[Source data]
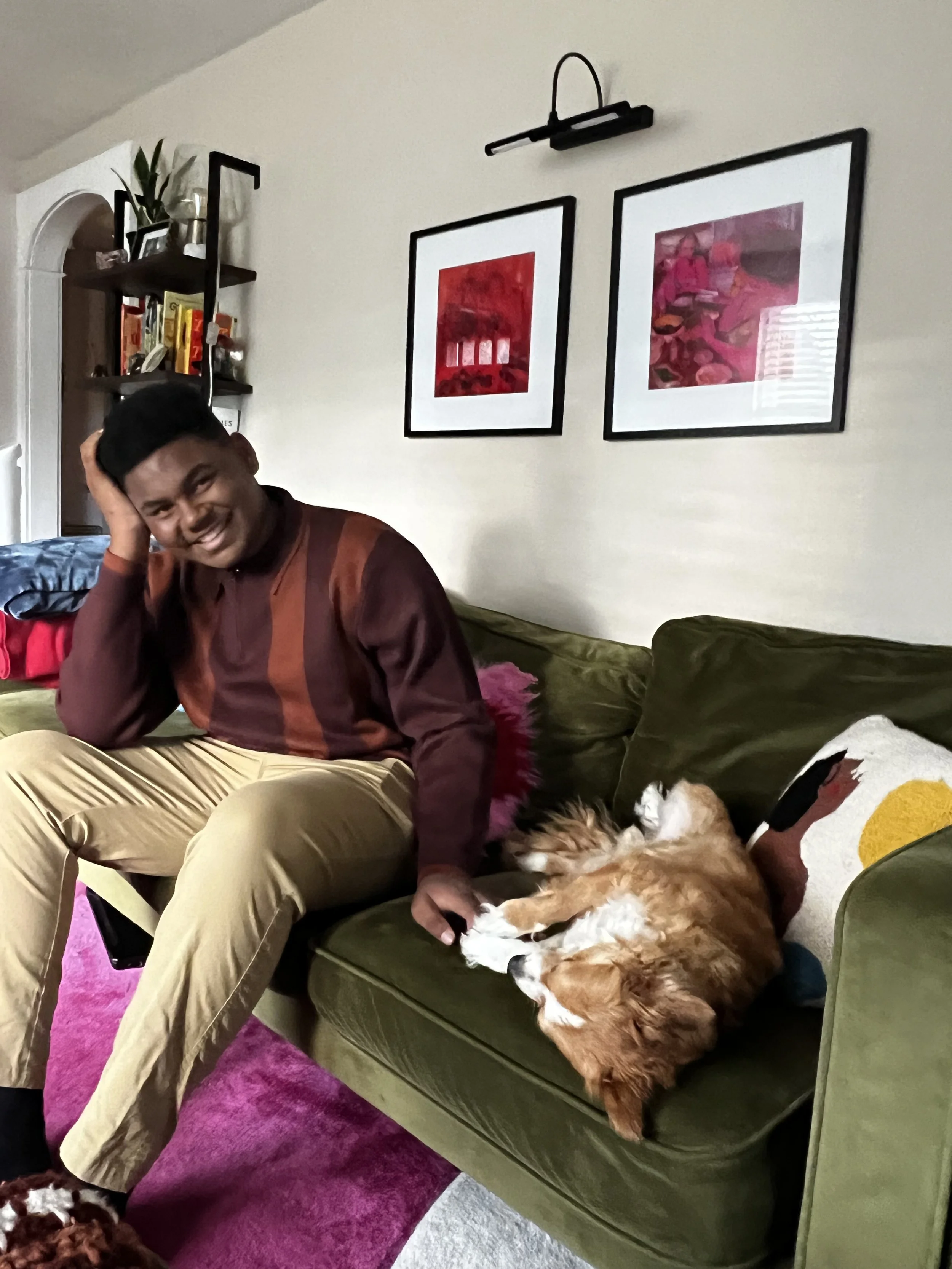 A man with dark hair smiling, sitting on a green sofa with a hand on a relaxed, large brown and white dog lying on its back. The dog is close to the man's lap. Behind them, there are framed pictures on the wall, shelves with books and decor, a couch 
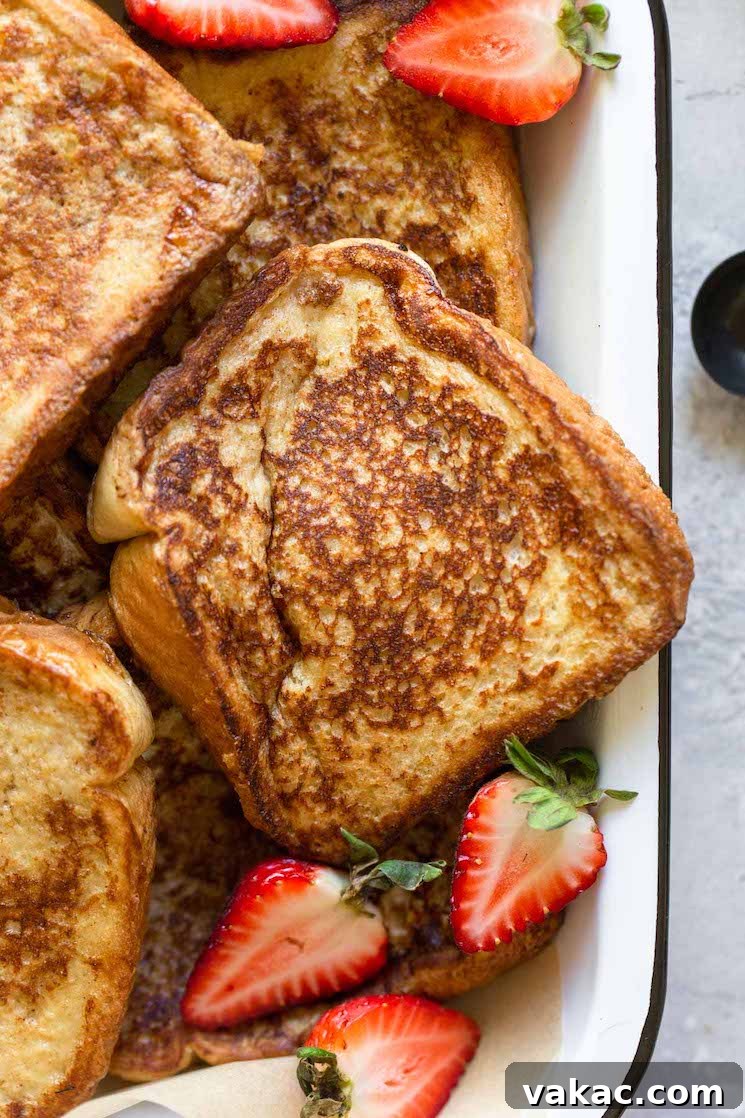 Unforgettable French Toast 6 A close up image of perfectly cooked French toast in a baking pan, generously topped with fresh halved strawberries, highlighting its delicious texture.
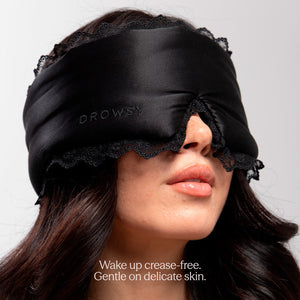 A woman wears the Paris Love Story - Black Jade Sleep Mask by drowsysleepco, crafted from black silk with lace trim and “DROWSY” embroidered on it. Text below: Wake up crease-free. Gentle on delicate skin for true beauty sleep.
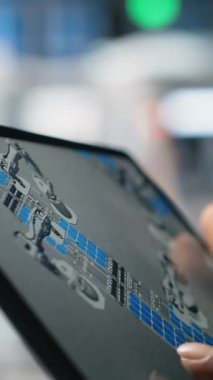 Vertical Video Solar power technician reviewing data on tablet in photovoltaics factory, inspecting manufacturing plant performance and production line for solar innovation. Alternative energy. Camera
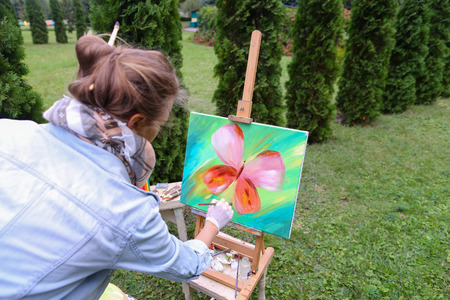 Young girl European appearance looks at drawing of Multicolored butterflies, which painted with oil paints and estimates finalizing remaining details. Stands near wooden easel with brush in hands on background art materials and coniferous trees in park ouの写真素材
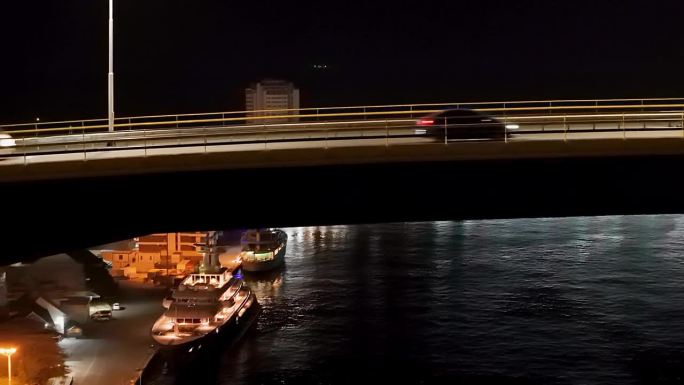 弯曲的朱莉安娜桥勾勒出夜晚汽车飞驰而过的Handelskade，鸟瞰图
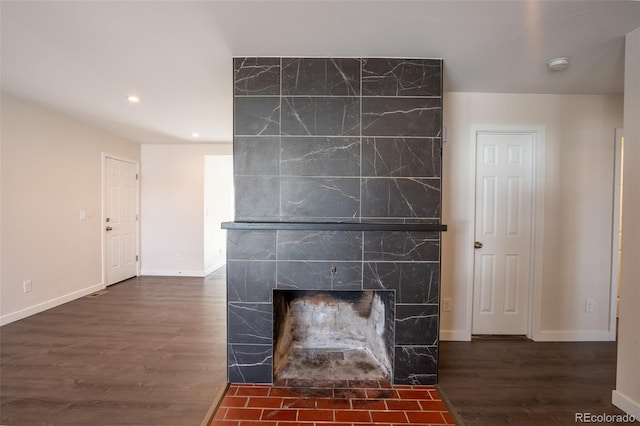 interior details with baseboards, recessed lighting, a premium fireplace, and wood finished floors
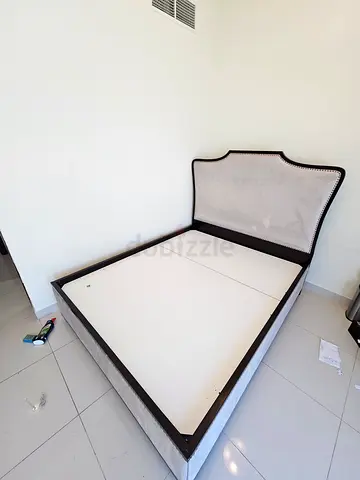 Beautiful bed in great condition. Fabric + wood. Very clean. No stains or scratches.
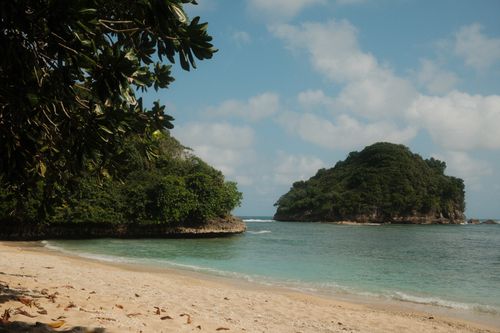 Free Serene beach with lush islands in Jawa Timur, Indonesia under a blue sky. Stock Photo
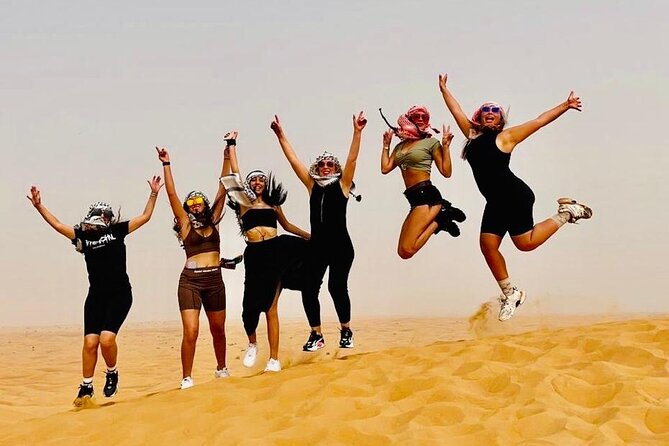 Dubai Red Dunes with Sandboarding, Camel Ride, Falcon & VIP Camp - Sunset, falcon photos, and a pause in the sand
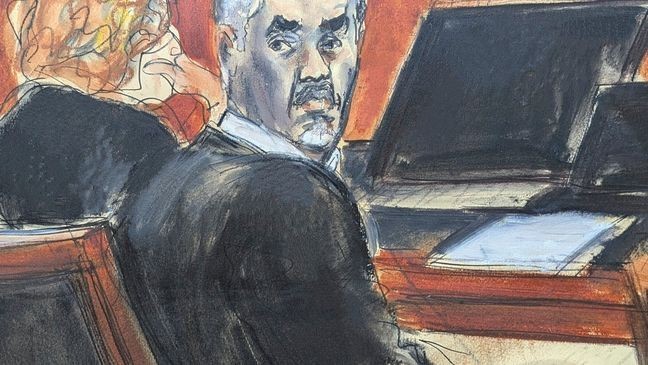 Sean 'Diddy' Combs, right, turns around and looks at the audience during jury selection at Manhattan federal court, Monday, May 5, 2025, in New York. (Elizabeth Williams via AP)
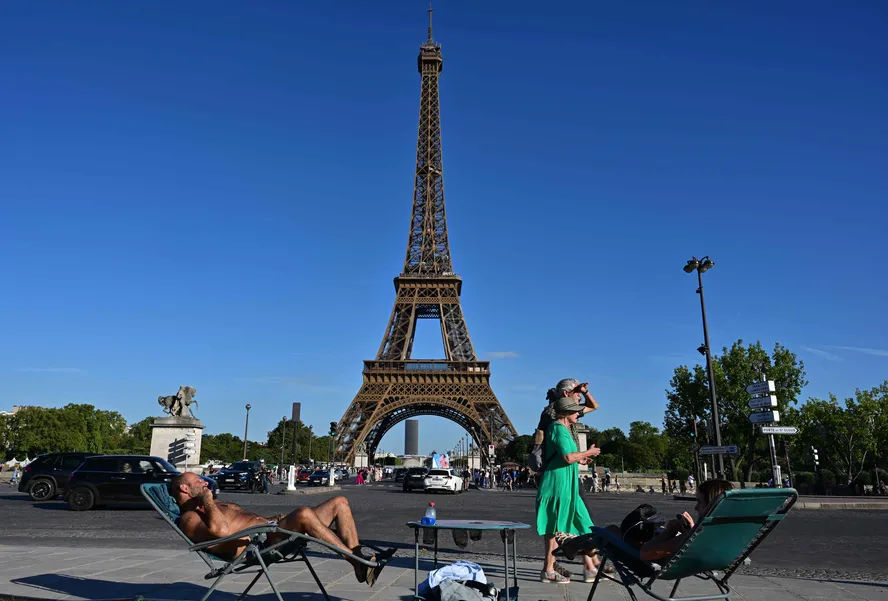 104036943 topshot passers by walk past two people enjoying the sun in a long chair in front of the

> Work required:
When you copy the data above, reproduce each line exactly and skip every image.

> The answer:
 A man with dark hair smiling, sitting on a green sofa with a hand on a relaxed, large brown and white dog lying on its back. The dog is close to the man's lap. Behind them, there are framed pictures on the wall, shelves with books and decor, a couch 
 Unforgettable French Toast 6 A close up image of perfectly cooked French toast in a baking pan, generously topped with fresh halved strawberries, highlighting its delicious texture.
 A woman wears the Paris Love Story - Black Jade Sleep Mask by drowsysleepco, crafted from black silk with lace trim and “DROWSY” embroidered on it. Text below: Wake up crease-free. Gentle on delicate skin for true beauty sleep.
 Vertical Video Solar power technician reviewing data on tablet in photovoltaics factory, inspecting manufacturing plant performance and production line for solar innovation. Alternative energy. Camera
 Young girl European appearance looks at drawing of Multicolored butterflies, which painted with oil paints and estimates finalizing remaining details. Stands near wooden easel with brush in hands on background art materials and coniferous trees in park ouの写真素材
 弯曲的朱莉安娜桥勾勒出夜晚汽车飞驰而过的Handelskade，鸟瞰图
 interior details with baseboards, recessed lighting, a premium fireplace, and wood finished floors
 Beautiful bed in great condition. Fabric + wood. Very clean. No stains or scratches.
 Free Serene beach with lush islands in Jawa Timur, Indonesia under a blue sky. Stock Photo
 Dubai Red Dunes with Sandboarding, Camel Ride, Falcon & VIP Camp - Sunset, falcon photos, and a pause in the sand
 Sean 'Diddy' Combs, right, turns around and looks at the audience during jury selection at Manhattan federal court, Monday, May 5, 2025, in New York. (Elizabeth Williams via AP)
 104036943 topshot passers by walk past two people enjoying the sun in a long chair in front of the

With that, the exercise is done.